1. Joel Ward is a centre-back now?
One of the most surprising elements of Wednesday's friendly with Liverpool was that Joel Ward, one of Palace's only remaining promotion team regulars, started for the club in a back three rather than as a right-back.
It ties in somewhat with Ward's physical attributes, which appear to have changed slightly over the summer -- the player has returned to training with a little more upper body muscle -- which would certainly suit a more central, physical defensive role.
Ward excels in his native right-back role when the managers he works with are more defensively minded. When he's asked to play in a more expansive set-up, that assured approach seems to abandon him.
A centre-back role, as part of a tighter back-three unit, might just suit him.
2. Defensive recruits are needed
When Palace lined up with Damien Delaney, Scott Dann and Joel Ward in the back-three, there was an element of alarm. Delaney is 36 years old today, while Dann has struggled with injury problems for the last nine months. And as discussed in the last point, Ward isn't a natural centre-back.

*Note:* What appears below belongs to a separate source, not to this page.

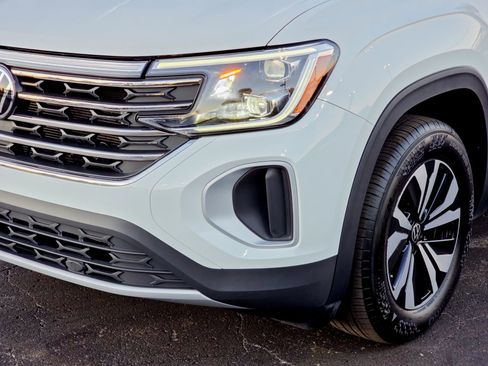 Used 2025 Volkswagen Atlas SE image 5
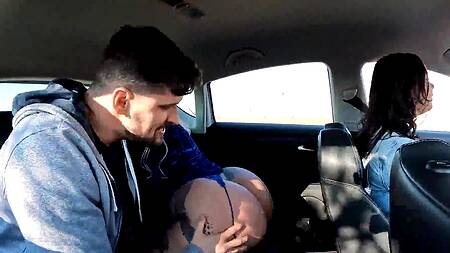 Подруги подбирают парня и татуированная блондинка ебется с ним в машине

There is also the need for another goalkeeper, with Hennessey's decision making still unfathomable at times.
With Jasper Cillessen, Jairo Riedewald, Callum Chambers and Bruno Martins-Indi linked however, that back line definitely looks like it'll be different by the time the Huddersfield Town game comes along.
Failure to make changes in defence could make any plans de Boer hopes to implement difficult.
3. The Kids Could be Alright
We worry that Palace's academy hasn't been successful, that players won't get opportunities because 'they're just not good enough' but the only true way to test whether a player is capable is to put them in a position where their ability is actually challenged.
Aaron Wan-Bissaka spent a fair while on the pitch and did a decent job in the right wing-back role. He had pace, awareness and was incisive with passes. It was an encouraging performance.
It's also fair to say that these kind of opportunities are nerve wracking for younger players. The pressure to perform, the willingness to succeed and the fear of failure can all play on their minds. To manage that emotion and perform well is a good sign.
4. De Boer wants to give Wilf Space
After the match, in an interview with Palace TV, de Boer indicated that his preference with the 3-4-3 formation that was played was to allow Wilfried Zaha the space to take on opponents, with less focus on defensive duties.
Zaha excelled in that role, especially in the first half. Being able to save his energy for attacking moves meant that he had a greater burst to get past opponents. He made Liverpool's defence work hard throughout the game.
If you needed an indication that Zaha had pushed Liverpool to the brink, Marko Grujic's nasty, intentional foul on the winger was it. The midfielder should be warned about his behaviour, given his role in James Tomkins injury last season too.
5. We just don't know what to expect
Friendlies mean nothing. Everything that's written above is an observation on what we've seen so far -- pre-season is no real indicator of future outcomes and there's little point in criticising tactics, line-ups or player performances.
However, there were some indications of the kind of direction that de Boer might want to go in, and the kind of players he will seek to sign. It was also interesting to see Ward in the back three and players like Wan-Bissaka make an appearance.
But whatever we witnessed, it doesn't provide any real indication of where Palace are headed. We won't really know where Palace are until an hour before kick-off vs Huddersfield, when the line-ups are announced for the first Premier League game of the season.